17 Şubat 2019

Babalar Gibi Satılan Davis Kupası

 Geçtiğimiz yılın Ağustos ayında Uluslararası Tenis Federasyonu ITF'in yaptığı oylamayla Davis Kupası'nın lisans hakkı, tam 3 milyar dolar karşılığında 25 yıllığına Gerard Pique'nin sahibi olduğu Kosmos şirketine verildi. Başarılı futbol kariyerinin ardından iş dünyasına da hızlı bir giriş yapan Pique, oylamanın gerçekleştirildiği gün "Bazen ya değiştirirsiniz ya da ölüme terk edersiniz." diyordu. Çiçeği burnunda bir sermayedar olarak hırsı ve iştahı her hâlinden belli olan İspanyol futbolcu, bu ifadesiyle neoliberalizmin tipik palavralarını ne kadar çabuk öğrendiğini de gözler önüne seriyordu. 

 Spor, üzerinde yaşadığımız gezegenin bir mikrokozmosu. Hâliyle onu içinde bulunduğu sosyal, politik ve ekonomik konjonktürden bağımsız olarak ele alamayız. Pique'nin yukarıdaki sözlerine Türkiye'de 24 Ocak Kararları ile başlayan ve "Babalar gibi satarım." vecizesiyle şahikasına eren özelleştirme furyasından aşina olmamız da bu yüzden.

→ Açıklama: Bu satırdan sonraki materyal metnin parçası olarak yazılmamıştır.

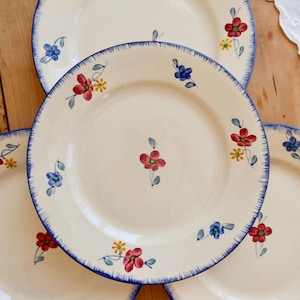 ヴィンテージ風 花模様 陶器皿 ヴィンテージ陶器シェル皿 - 多色花飾り - 金縁 - フランス製食器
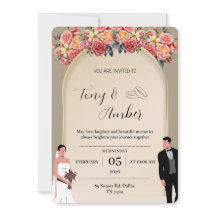 Elegante goldene Hochzeitseinladung mit Blumenmust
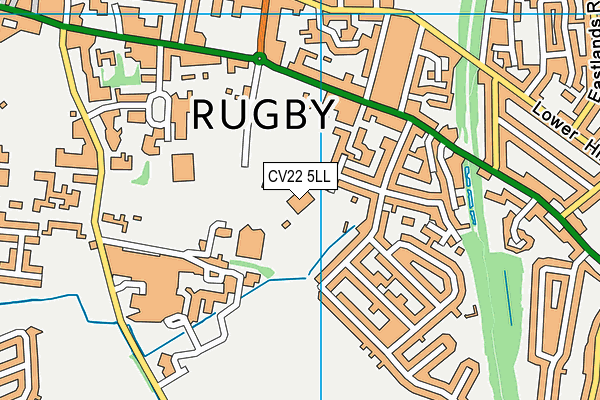 Rugby Thornfield Indoor Bowls Club map (CV22 5LL) - OS VectorMap District (Ordnance Survey)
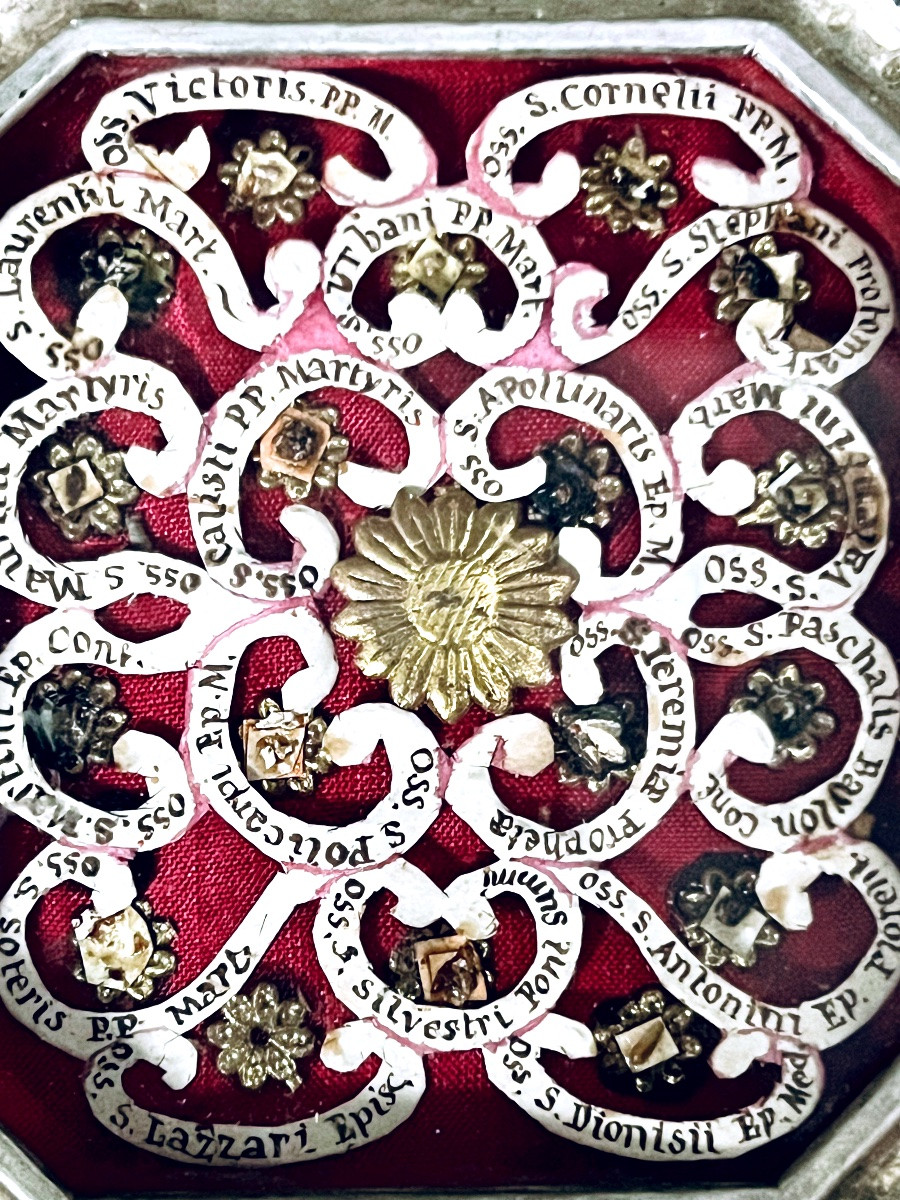 Reliquaire collectif en argent avec 18 reliques , XIXe siècle - Italie -photo-2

Nasıl ki bu topraklarda kamuya ait varlıklar, son 40 yılda devletin sırtında kambur olduğu gerekçesiyle yağmalandıysa Davis Kupası da reform naraları eşliğinde Pique Bey'in mülkiyetine verildi.

 Bay Pique, organizasyonu "daha verimli işletmek" ve bu sayede kâr elde etmek adına hiç de şaşırtmayan bir iş yaptı ve turnuvanın 118 yıllık birikimini bir kalemde silen bir format icat etti. Yeni formatta Davis Kupası'nın şampiyonunu tayin eden Dünya Grubu serileri, sabit bir lokasyona alınarak bir haftalık turnuvaya dönüştürüldü. Bu da kupayı kendine özgü kılan iç saha ve deplasman maçlarının kaldırılması demekti. 

 Davis Kupası'nın bu şekilde iğdiş edilmesi, Path Cash ve Lleyton Hewitt gibi eski tenisçilerin yanı sıra kariyeri devam eden pek çok üst düzey raketin tepkisini çekti. Örneğin Roger Federer, son Amerika Açık esnasında verdiği bir mülakatta "Eski bir futbolcunun bir anda gelip tenis işine girmesi tuhaf. Davis Kupası, Pique Kupası'na dönüşmemeli." demişti. İspanyol futbolcu, Ekselansları'nın bu yorumuna çok içerlemiş olacak ki dünkü açıklamasında "Pique Kupası" ifadesinden nefret ettiğini söyledi. 

 Sermaye sınıfı, şekil-A'da bir kez daha görüldüğü üzere hiçbir geleneği ve etik değeri tanımıyor. Üstelik söz konusu çıkarıysa en ufak bir eleştiriye dahi tahammül edemiyor. Fakat şu da var ki tenis gibi köklü geleneklere sahip bir spor, vahşi kapitalizmin dilediği gibi at koşturabileceği bir alan değil. Birileri Pique'ye Madrid'in toprak kortlarını maviye boyayan Ion Tiriac'ın başına neler geldiğini çok geç olmadan anlatmalı.